The lawyer representing Cowboys running back Ezekiel Elliott apparently hasn’t learned that lesson yet, as evidenced by his curious decision to publicly agitate for exoneration of his client by the NFL in its ongoing investigation into whether Elliott committed domestic violence in July 2016.

Frank Salzano cited in his Monday press release “a mountain of exculpatory evidence demonstrating Mr. Elliott’s innocence,” and he accused the alleged victim of making “false allegations.” It’s always risky, however, to call someone a liar; it’s much better to find a way to demonstrate dishonesty in a calm, dispassionate manner that demonstrates, objectively, that the claims being made are not accurate.

Instead, Salzano has taken a verbal blow torch not only to the accuser but also to the media and to the league office. While that sort of bravado and rhetoric may work when the people deciding the matter are average voters who easily are bamboozled because they lack a full appreciation of the nuances of the issues or the surgical cynicism to understand how and why they’re being snowed, these tactics won’t work on the league office.

“The media has chosen to deflect the recent negative press regarding the NFL’s reported mishandling of several domestic violence matters by focusing on the NFL’s prolonged investigation of Mr. Elliott,” Salzano alleged in his press release. Beyond the fact that his argument confuses the media’s role in generating “recent negative press” with the league’s desire to avoid it, Salzano’s suggestion that the media is seizing on the Elliott investigation for reasons related to the Brown case makes no sense. The cases are different, but each one is relevant and newsworthy.

As to Elliott, the news (as summarized and reported on NBC’s Football Night in America) is this: (1) Elliott spent a little more than an hour answering questions posed by the league roughly a month ago; (2) the alleged victim is cooperating with the league; (3) there is no timetable for resolving the situation; and (4) many players are paying attention to the manner in which the league handles Elliott’s case because Giants kicker Josh Brown, who is white, initially received a suspension of only one game, despite the league’s position that the new standard punishment for domestic violence is six games.

If the allegations against Elliott are false, Salzano needs to let the NFL come to that conclusion on its own. As long as the investigation is open, Elliott loses neither a single dollar nor the ability to play. By pushing the NFL to act, Salzano could end up nudging the league office to exercise its broad discretion to place Elliott on the Commissioner’s-Exempt list pending the completion of the investigation, the imposition of discipline, and the pursuit of any internal appeals.

Ultimately, the rules allow the NFL to do whatever it wants to do. With the league already facing on one hand a sense of urgency to re-establish that it’s serious about domestic violence in the aftermath of the Josh Brown case and on the other hand a desire to create the impression that a deliberate and complete investigation was conducted, extra pressure from Elliott via his lawyer won’t make the NFL inclined to find a way to give him the benefit of the doubt.

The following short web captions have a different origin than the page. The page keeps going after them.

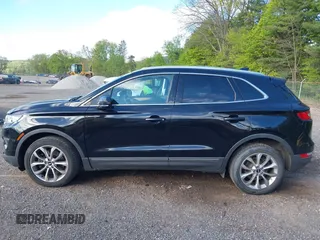 2016 Lincoln MKC Select с VIN 5LMCJ2D96GUJ21058, выставлен на аукционе IAAI как лот 42204987 с пробегом 160 318 миль миль и . История ставок и продаж доступна на DreamBid. Изображение 14.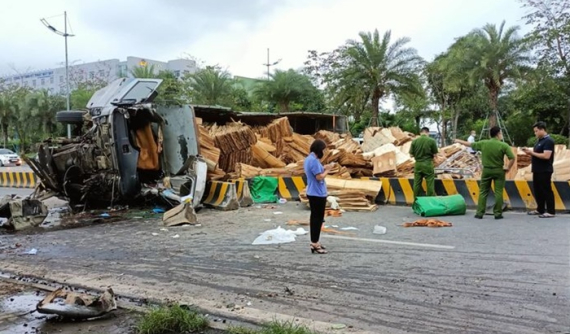 Video: Va chạm giữa 2 xe tải tại Hà Nội khiến 1 tài xế tử vong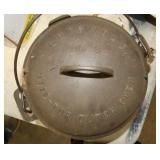 VIEW 2 CLOSEUP ORIG. GRISWOLD LID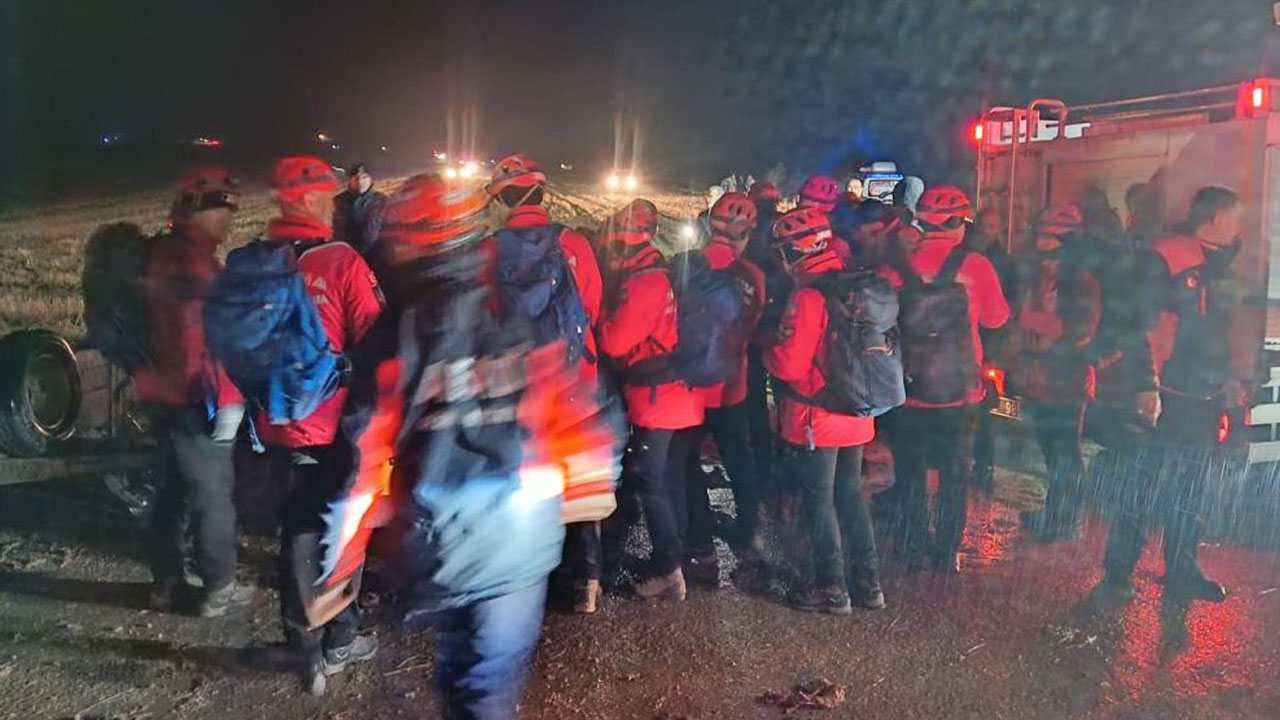 Uçağın düştüğünü gören vatandaşlar, o anları anlattı: Bomba patladı sandık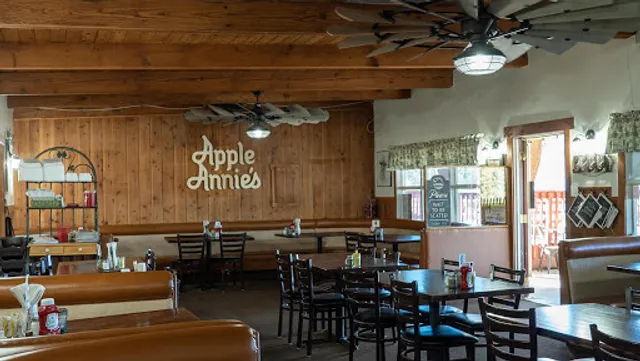 Apple Annie's Bakery & Restaurant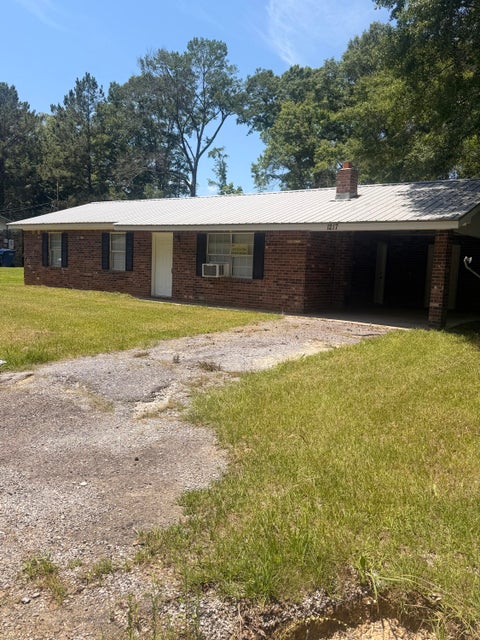 Photo of 1217 Magnolia Ave., Heidelberg, MS 39439 (MLS # 147115)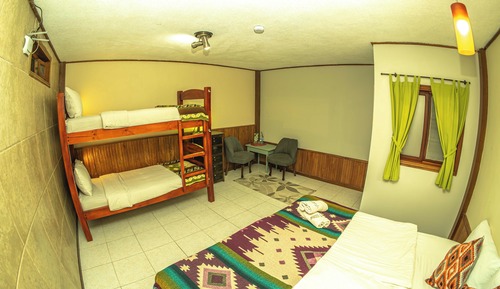 Habitación cuádruple familiar, baño compartido, entresuelo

Although Salzano seems to believe that the decision to not charge Elliott means he’s innocent, the truth is that dramatically different standards apply in the criminal justice system and the NFL’s in-house quasi-judicial procedures. Prosecutors typically don’t seek charges in cases where they believe “reasonable doubt” can be proven. For the NFL, where the much lower “more probable than not” standard applies, it’s possible to find a player guilty even if he never would be convicted by a jury that hears an if-it-doesn’t-fit-you-must-acquit-style closing argument.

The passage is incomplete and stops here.